Теперь палестинские евреи рассчитывали на иное отношение со стороны советских властей: во время Второй мировой войны, говорилось в записке, «лидеры арабских стран открыто или тайно занимают пронацистские или профашистские позиции».
В сентябре сорок третьего года Вейцман еще раз беседовал с послом Майским.
За четыре месяца до этого, двадцать восьмого мая, появился Указ Президиума Верховного Совета о введении дипломатических рангов для работников наркомата иностранных дел, посольств и миссий за границей. Постановлением Совнаркома вводилась форменная одежда со знаками различия – вышитых золотом звезд на погонах.
Майский стал чрезвычайным и полномочным послом – ему полагался мундир с погонами без просвета (генеральскими!) с тремя вышитыми звездочками и металлической позолоченной эмблемой – двумя скрещенными пальмовыми ветками.
Посол Майский сказал Вейцману, что «он не может давать обязательства за свое правительство», но он считает, что Москва поддержит сторонников создания еврейского государства в Палестине.
Майского смутили малые размеры Палестины – разве там можно будет разместить всех беженцев из Европы?
Вейцман развеял опасения Майского на этот счет. Объяснил, что, по самым скромным расчетам, в Палестину можно будет перевезти еще около двух миллионов евреев.
Майский ответил, что он очень рад это слышать. Но ему недолго оставалось занимать пост посла.
Сталин, раздраженный очередной отсрочкой в открытии второго фронта, решил демонстративно понизить уровень представительств: из Соединенных Штатов отозвал Литвинова, из Англии – Майского, а заменил их молодыми и не имевшими политического веса дипломатами. В Вашингтоне послом стал Андрей Андреевич Громыко, в Лондоне – Федор Тарасович Гусев. Это было маленькой местью Сталина Рузвельту и Черчиллю.
Федора Гусева перед отъездом принял Сталин. Новому (и неопытному) послу в Англии было всего тридцать семь лет. Гусев честно сказал, что молод для такого поста.
Сталин развеял его сомнения:
– У нас нет других людей. Многие сейчас на фронте. Нам же нужно отозвать посла Майского, который слишком оправдывает действия англичан, саботирующих открытие второго фронта в Европе.

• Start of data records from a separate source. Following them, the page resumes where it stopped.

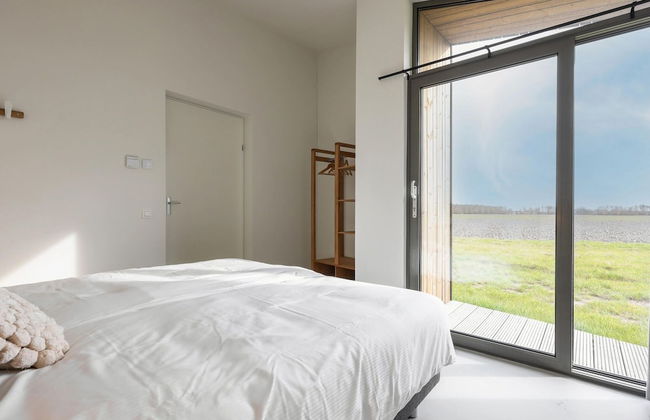 Cottage in Wissenkerke Near Het Bokkegat - Foto 7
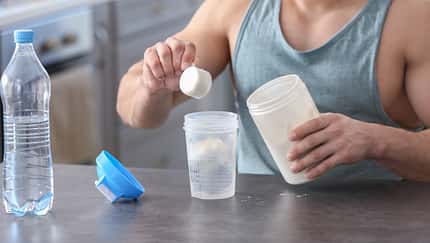 Clear Whey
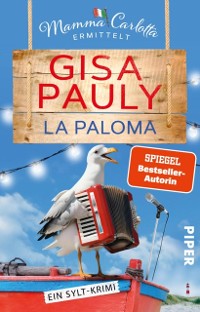 Cover La Paloma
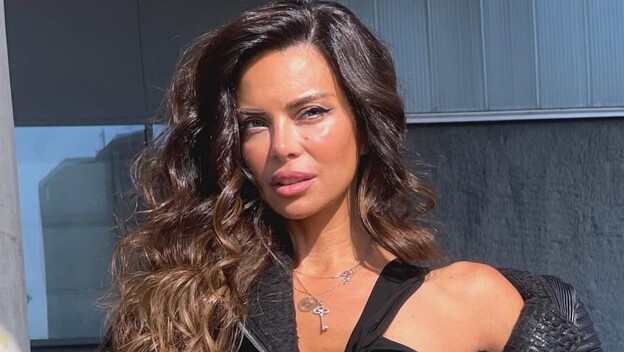Nikolina Pišek - 1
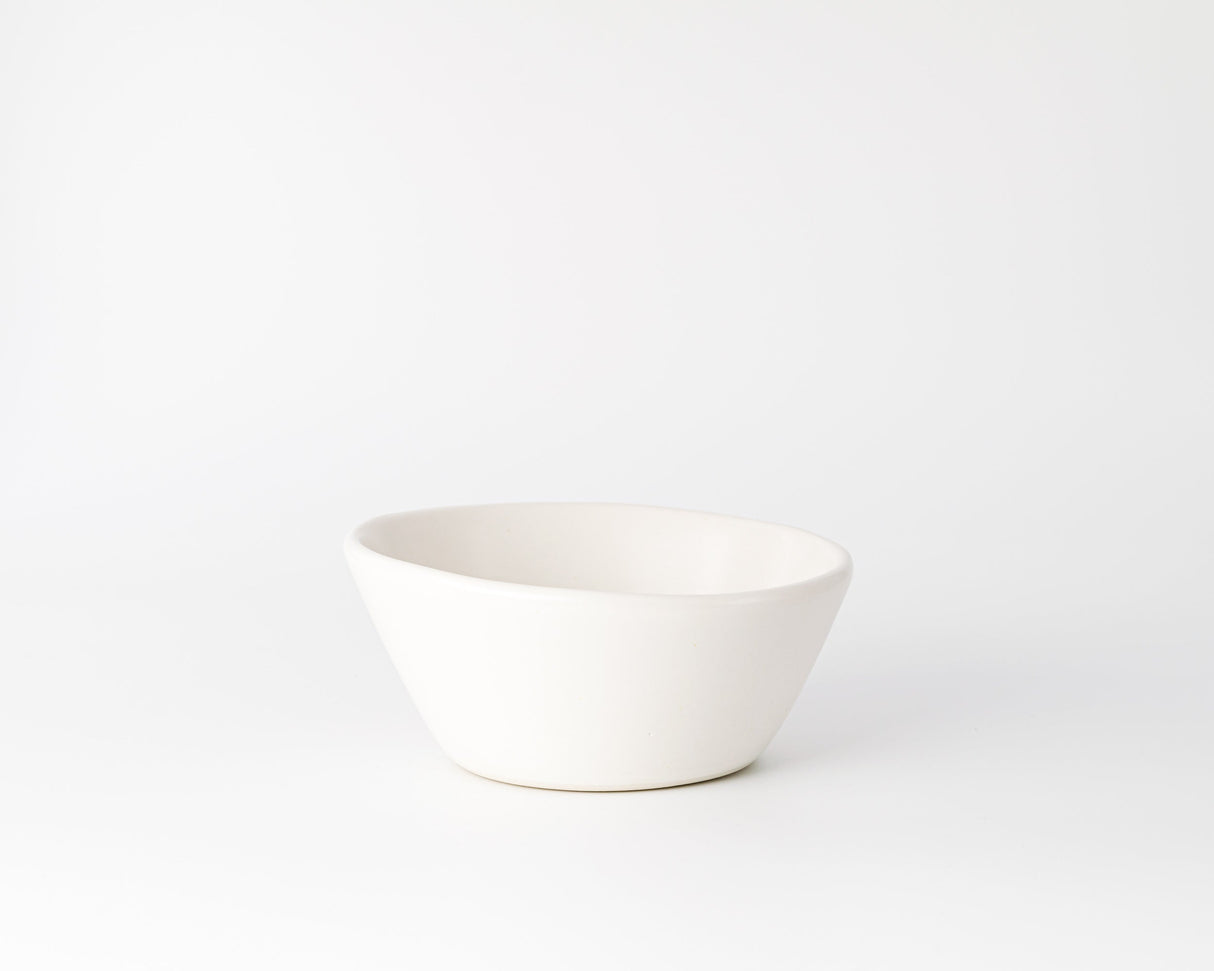 Hestia Coupe 5 Piece Dinner Setting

Уинстон Черчилль был раздражен неравноценной заменой и долго не принимал нового посла. Когда британский премьер-министр прилетел в Москву в октябре сорок четвертого года, Сталин нашел способ повысить акции посла – за обедом провозгласил тост:
– За моего личного друга, товарища Гусева!
Сталинский жест изменил отношение англичан к Гусеву.

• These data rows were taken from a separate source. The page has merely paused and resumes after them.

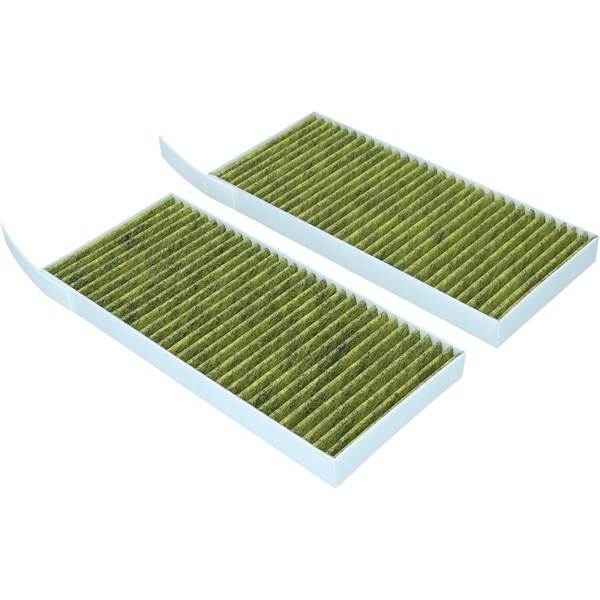 Kupefilter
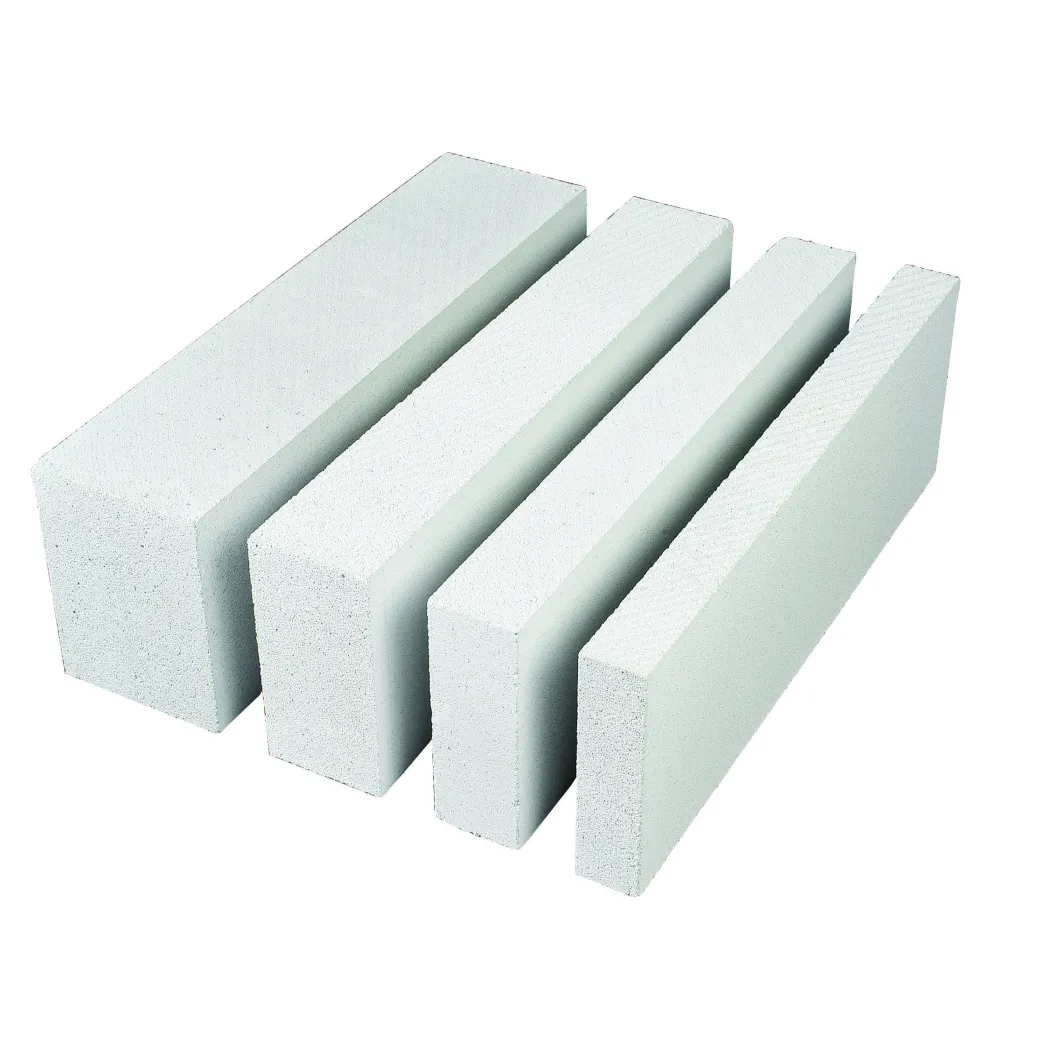 Hebel Cellenbetonblok 60X20X15Cm|Brico Online
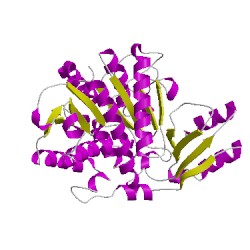 Image of CATH 3d67B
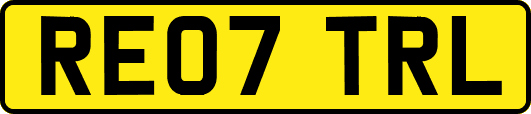 RE07TRL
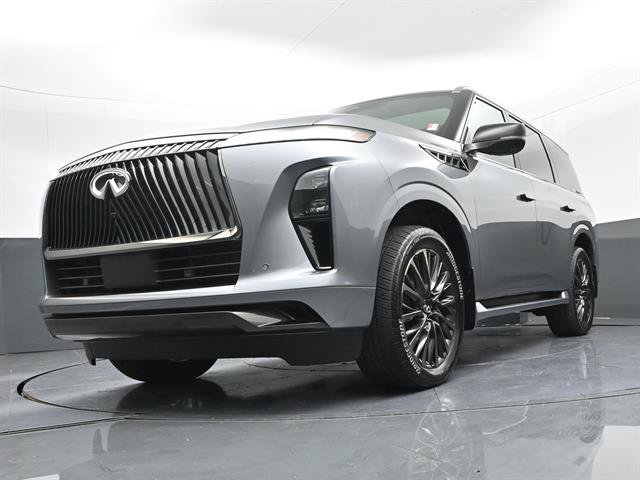 Used 2026 INFINITI QX80 Autograph w/ Premium Cargo Package AWD/4WD image 30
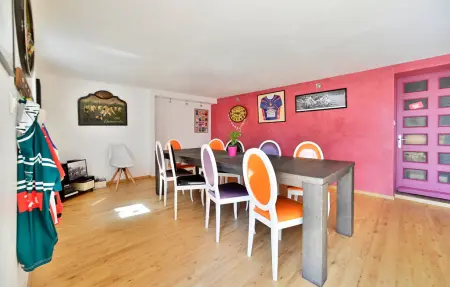 Maison 8 personnes à Valréas - Photo 4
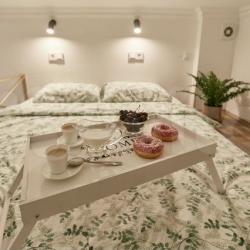 Апартаменты студия Guest Apartment
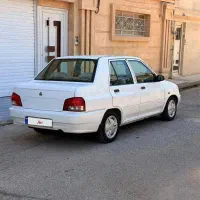 پراید 132 مدل‌ 97 دوگانه‌سوز‌‌ (نقداً‌یا‌معاوضه)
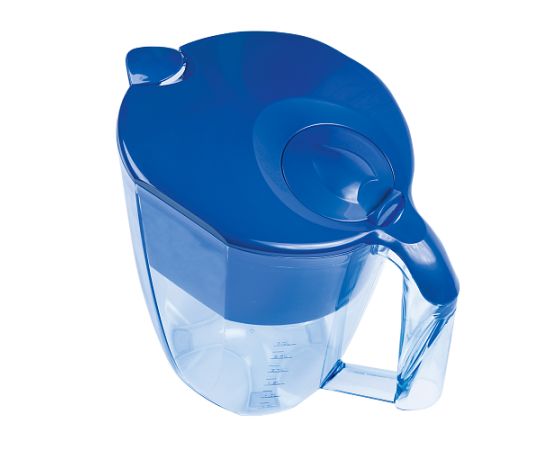 Filter-pitcher Ecosoft Luna FMVLUNABEXP 3.5 l blue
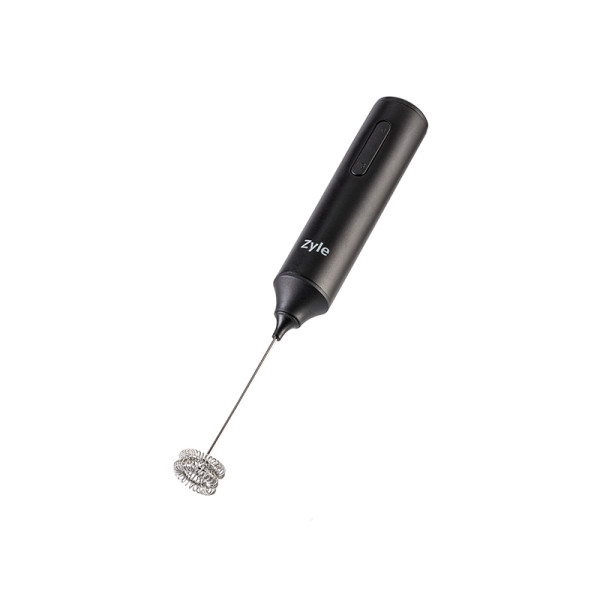 Pakraunamas pieno putų...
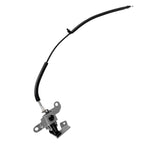Rear Left Door Lock Actuator w/Cable for Ford F-250 F-350 (2017–2022)
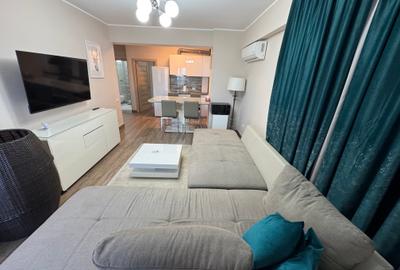 2 Camere Mamaia Zona Butoaie Vedere Frontală La Mare Și Lateral Lac 2 Camere Mamaia Zona Butoaie Vedere Frontală La Mare Și Lateral Lac - 8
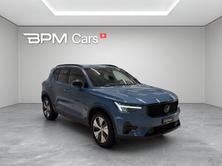 VOLVO XC40 1.5 T4 PiH Plus Dark, Hybride Rechargeable Essence/Électricité, Occasion / Utilisé, Automatique - 5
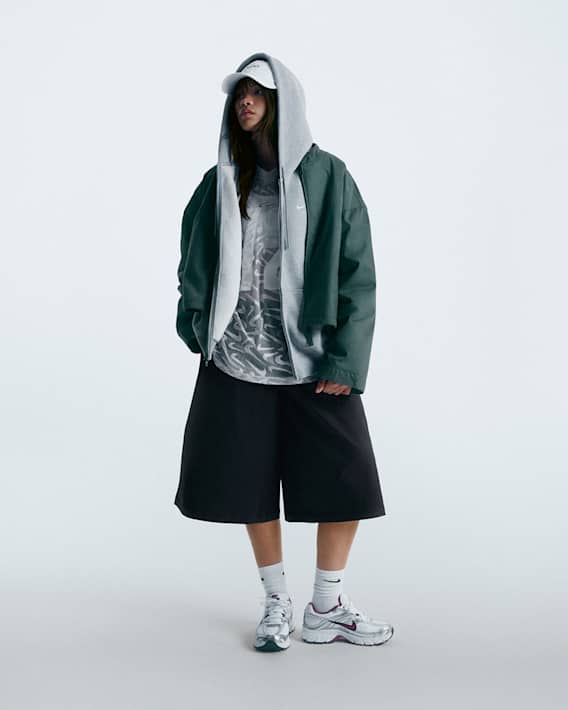 Un look tutto tuo, Nike Sportswear Fleece, slide 1 of 5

Иван Майский, направляясь на родину после окончания его миссии в Лондоне, осенью сорок третьего года побывал в Палестине. Он проехал на машине по маршруту Каир-Иерусалим-Дамаск-Багдад-Тегеран.
В Иерусалиме Иван Михайлович сделал остановку. Он хотел осмотреть город и познакомиться с жизнью еврейских поселенцев.
– После войны, – сказал Майский Бен-Гуриону, – еврейская проблема будет очень сложной. Придется ее решать. Мы должны выработать подходы, должны знать все. Нам говорят, что здесь, в Палестине, нет свободного места для новых иммигрантов, – мы хотим знать, правда ли это, хотим составить себе представление о возможностях этой страны.
Четвертого октября на заседании правления Еврейского агентства Бен-Гурион рассказал, как он показал Майскому и его жене Иерусалим, а потом отвез в сельскохозяйственные поселения Кирьят-Анавим и Маале-Хаха-миша. Майский был поражен увиденным.
– Можно сказать, что увиденное было для него открытием, – подвел итог Бен-Гурион. – Я на такое даже не рассчитывал. Сейчас нам надо работать с максимальной отдачей, поскольку появилось еще одно государство, проявившее заинтересованность в этом вопросе.